The rationale for this is that the F-number is defined to be the ratio of the focal length to the diameter of the aperture, so, for fixed focal length, it is inversely proportional to the diameter. On the other hand, exposure is proportional to the area of the aperture and hence to the square of the diameter. Stops refer to exposure, with one stop meaning a doubling of exposure. That is where the 2 comes from. To increase exposure by one stop, you need to multiply the diameter by the square root of 2, i.e., divide the F-number by the square root of 2. Similarly, if you stop down one stop, that multiplies the F-number by the square root of 2.

You might ask why the F-number is related to the diameter instead of the area. The reason is that the F-number is used for many optical calculations having nothing to do with the exposure, such as depth of field calculations, and for those, the diameter of the aperture, not its area, is the relevant parameter.

Greg Lockrey
2-Apr-2008, 09:14
I don't know where all the other numbers people came up with came from, but they are wrong.

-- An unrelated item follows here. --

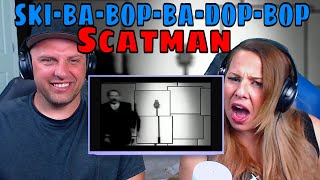 reaction to Scatman skibabopbadopbop Scatman John Official Video HD THE WOLF HUNTERZ REACT [upl. by Vinni]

Of course you are correct. The rationale I was using to derive at my number was that Nigel was using a square as a basis for his area instead of the more correct area of a circle formula using pi r squared. Since he "rounded off" with the square, I did too. This has become a very informative mathmatical thread. ;)

The F number is in fact a rounded off number if you want to get real precise about the effect on area of the circle as it pertains to doubling/halving the area. It's close enough for photographic purposes.

Helen Bach
2-Apr-2008, 09:23
You might ask why the F-number is related to the diameter instead of the area. The reason is that the F-number is used for many optical calculations having nothing to do with the exposure, such as depth of field calculations, and for those, the diameter of the aperture, not its area, is the relevant parameter.

It also means that the f-number is dimensionless. That's a very convenient property for a number. If it wasn't dimensionless the f-number would be different for different unit systems.

best,
Helen

Struan Gray
3-Apr-2008, 01:04
That's some heavy siffering. Aren't we dealing with an area of a circle and how it multiplies itself by 2 from one diameter to the next? You're going to have to explain cube's and sixth roots to me when you are just dealing with square areas.

Others have given the formalism, but since you asked here's my take on things.

The real key is to ask yourself what is meant by "A third of a stop"? A whole stop is a doubling of the light reaching the film, and when we say a third of that most people intuitively think that we are looking for an increase that when made three times will double the light exposure.

Let's say we have an exposure time of 2 seconds. One stop less exposure is simply 1 second. Easy. It is tempting to think that one third of a stop less exposure must therefore be 1.666 seconds, i.e. that subtracting a third of a second gives the right answer because doing that three times gets us to 1 s, which is one stop less.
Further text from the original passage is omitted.